The epidist package uses Bayesian inference to estimate delay distributions and other quantities. Doing Bayesian inference amounts to approximating the posterior distribution of each parameter in the statistical model1. A range of methods exist to perform this approximation.

By default, epidist uses the No-U-Turn Sampler [NUTS; Hoffman, Gelman, et al. (2014)] Hamiltonian Monte Carlo (HMC) algorithm. NUTS is an example of a broader class of Markov chain Monte Carlo (MCMC) methods. These methods work by simulating from a Markov chain with the target posterior distribution as its stationary distribution. When MCMC algorithms are run for sufficiently many iterations, and have reached convergence, the samples can be treated as being drawn from the posterior distribution. Relevant posterior quantities such as expectations may then be computed using these samples. A drawback of MCMC methods, like NUTS, is that simulations can be quite computational intensive, especially for complex models or large data.

The epidist package is built using brms (Bürkner 2017), which stands for “Bayesian Regression Models using Stan”, where Stan (Carpenter et al. 2017) is a probabilistic programming language. Although NUTS the the primary inference algorithm used in Stan, additional options are available.
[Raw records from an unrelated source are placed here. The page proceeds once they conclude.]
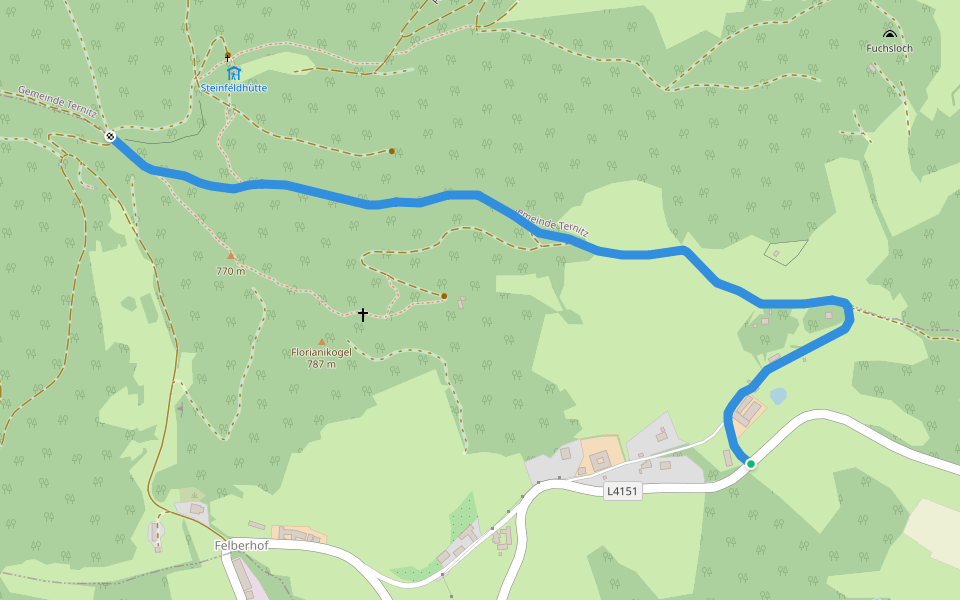Bürg - Steinfelderhütte walking route map in Vöstenhof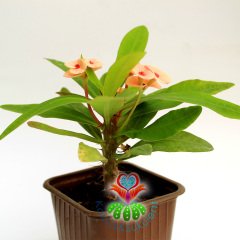 Sukulent,Euphorbia Milii Turuncu Renk Çiçek 8 cm Saksıda-Çok Nadir-Çiçeği Üzerinde,Bezsiz Doğal Köklü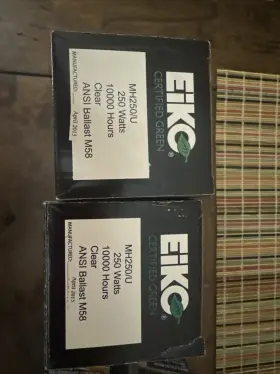 Mh250 Eiko 031293491954 Lot Of 2 Mh250/u Projector Lamp Bulb 250 Watts 10000 Hours Clear Ansi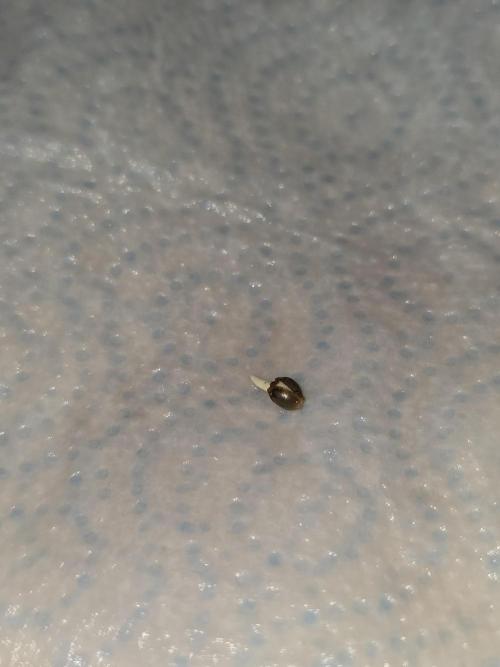 Cookie 🍪 Monster. Week 0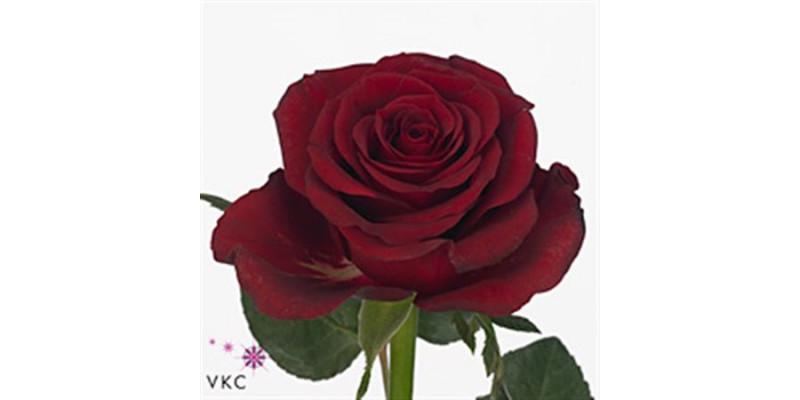 Rose Gr Burgundy 70cm A1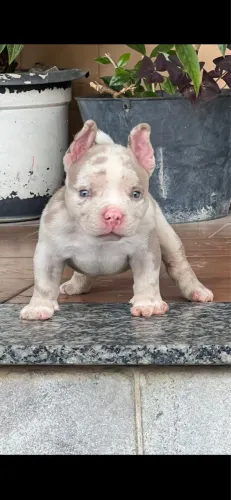 American Bully Micro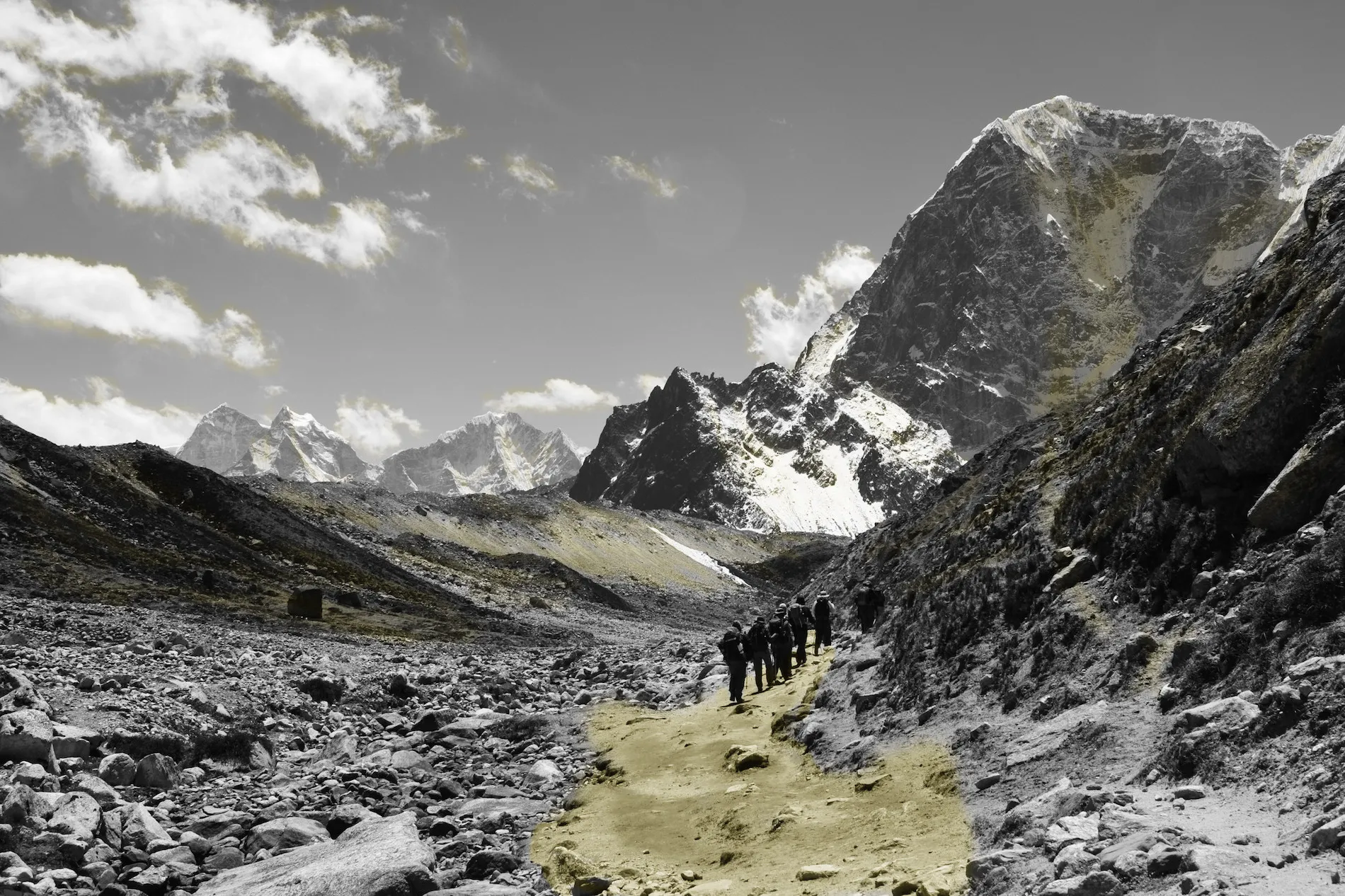 Image Segmentation for Android — Smart Background Replacement with Fritz AI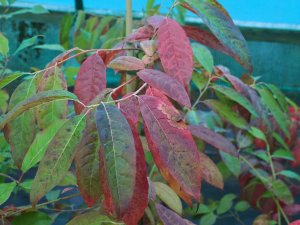 Oxydendron arboreum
These additional inference algorithms are also available in epidist due to its dependence on brms.

In this vignette, we first briefly describe the alternative algorithms available (Section 2) as well as directing you to more detailed resources. Then (Section 3) we demonstrate their application to fitting simulated data, before extracting and comparing posterior distributions. By comparing the resulting inferences to those from NUTS, we hope to help you make informed decisions about which algorithm to use in your applied problem.

2 Alternative approximate inference algorithms

Here we describe three alternative approximate Bayesian inference algorithms that are available to use in brms, and therefore also available in epidist. It’s worth noting that further inference algorithms may have become available since this vignette was last updated. Please check brms package updates if interested!

2.1 Laplace method

The Laplace method approximates a posterior distribution by a Gaussian distribution centered (by default) at the posterior mode. In Stan, the Gaussian approximation is constructed on the unconstrained parameter space (as the domain of a Gaussian distribution is the real line). Samples from the Gaussian approximation may then be transformed to the constrained parameter space. To access the Laplace method, specify algorithm = "laplace" within brms::brm(). See the section Laplace Sampling of the CmdStan User’s Guide for more information.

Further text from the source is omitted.